I’m the girl who kept the first Bartles & James Wine Cooler bottle after my first “movie night” with a boy in high school. I still have it somewhere, along with the love letters from the boy I dated in grade school. We passed them back and forth while our teacher read ‘Where the Red Fern Grows’ in the afternoons. I remember the folder, blue peechee.
I remember my first real kiss, two weeks after my 16th birthday, on a night I went to a party at Bobby’s house. I lied to my parents to attend, they didn’t know the difference. And even though I threw up from being too drunk while going through a Del Taco drive through, the night was still magical. I remember the U2 song playing in the background when we lay down together that night, to snuggle and touch. ‘I still haven’t found what I’m looking for’, was the title, but Bobby assured me that he didn’t find this true any longer.
I remember my college boyfriend, who brought me canned Spam on our first date. He liked Spam and thought it would be a distinctive identifier for him, because in his mind I was being pursued by enough men for him to be competitive and whip out the Spam. I remember feeling like I loved him even after I realized he had an anger management issue. No one is perfect.
I remember years of partying and having a great time in my 20’s. From the guy who looked like a member of the mafia to the man who wore lip gloss, mango no less, and left me voice mails that consisted of nothing but music. Again U2.

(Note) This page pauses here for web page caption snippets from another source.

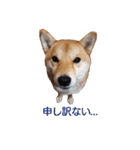 柴犬ここ その①（個別スタンプ：12）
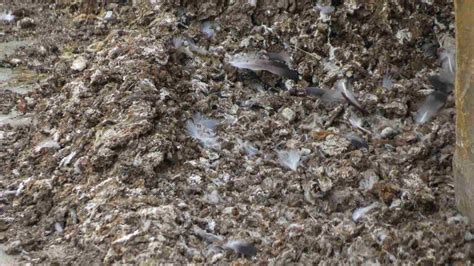 Conditionnement de guano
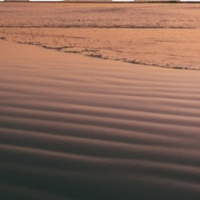 Why Companies Should Make Their Employees Take PTO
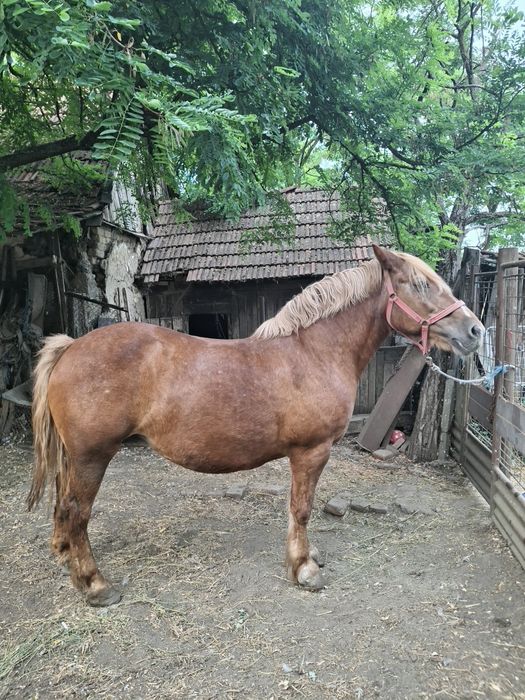 Vând iapă frumoasă și cuminte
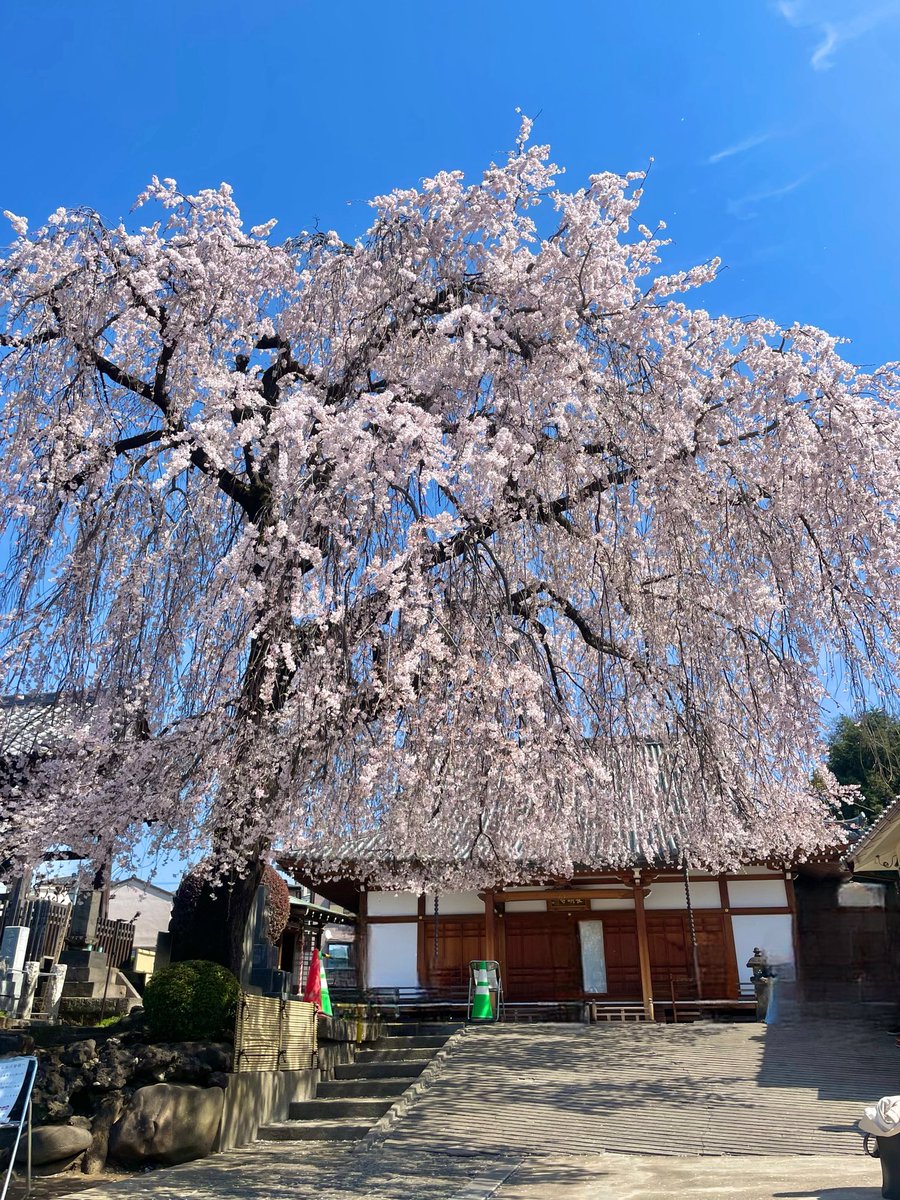 上野案内所 UENO Information Center【公式】 tweet media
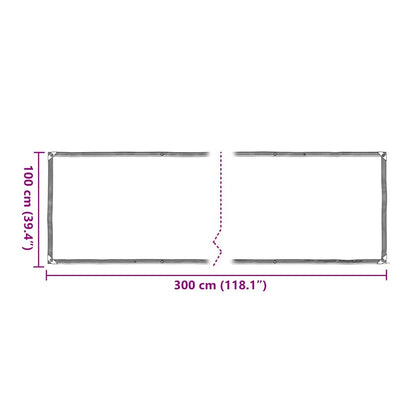 Clear Tarpaulin with Eyelets 1x3 m Polyethylene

I remember moving to San Francisco and feeling liberated in the dating world. The women weren’t all trying to be thin, blond and aloof. What a relief. The men were different.
I remember, back when it was taboo, getting on to Match.com to try out dating. Momentum was always a theme in my love life, better to come from a place of some movement, meaning some dating/action, than from a total standstill.
I remember a decade of adventurous dating, from Flamenco man to Dolores to The Gambler. What a line up. Definite momentum.
My love life. Not boring, not bland, not filled with the same old. But with standout memories of pieces and parts of a journey through what was and still mostly is to me, pretty mysterious territory.